Where an image appears in the data, omit it and reproduce the rest exactly.

**SOURCE MATERIAL**
┄┄┄┄┄┄┄┄┄┄
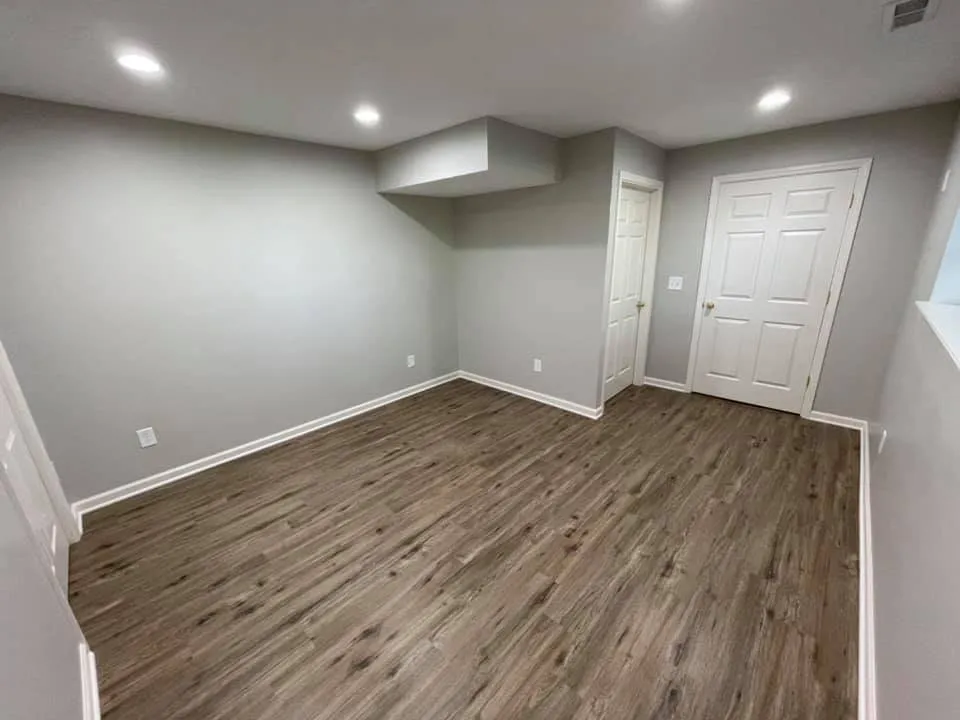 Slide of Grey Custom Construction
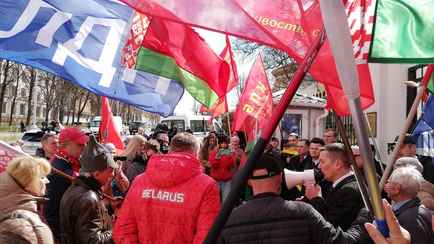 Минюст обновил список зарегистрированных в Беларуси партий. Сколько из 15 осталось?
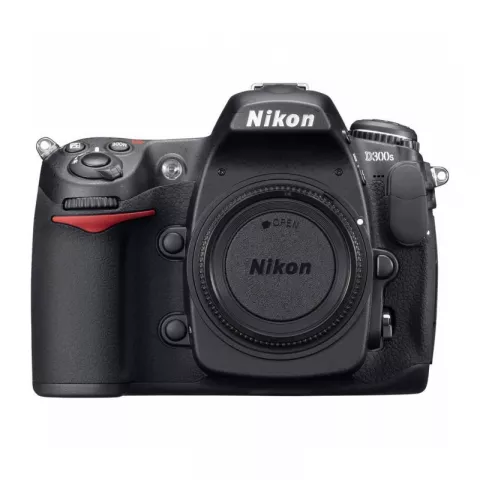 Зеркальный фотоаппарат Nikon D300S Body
┄┄┄┄┄┄┄┄┄┄
**ANSWER SECTION**
 Slide of Grey Custom Construction
 Минюст обновил список зарегистрированных в Беларуси партий. Сколько из 15 осталось?
 Зеркальный фотоаппарат Nikon D300S Body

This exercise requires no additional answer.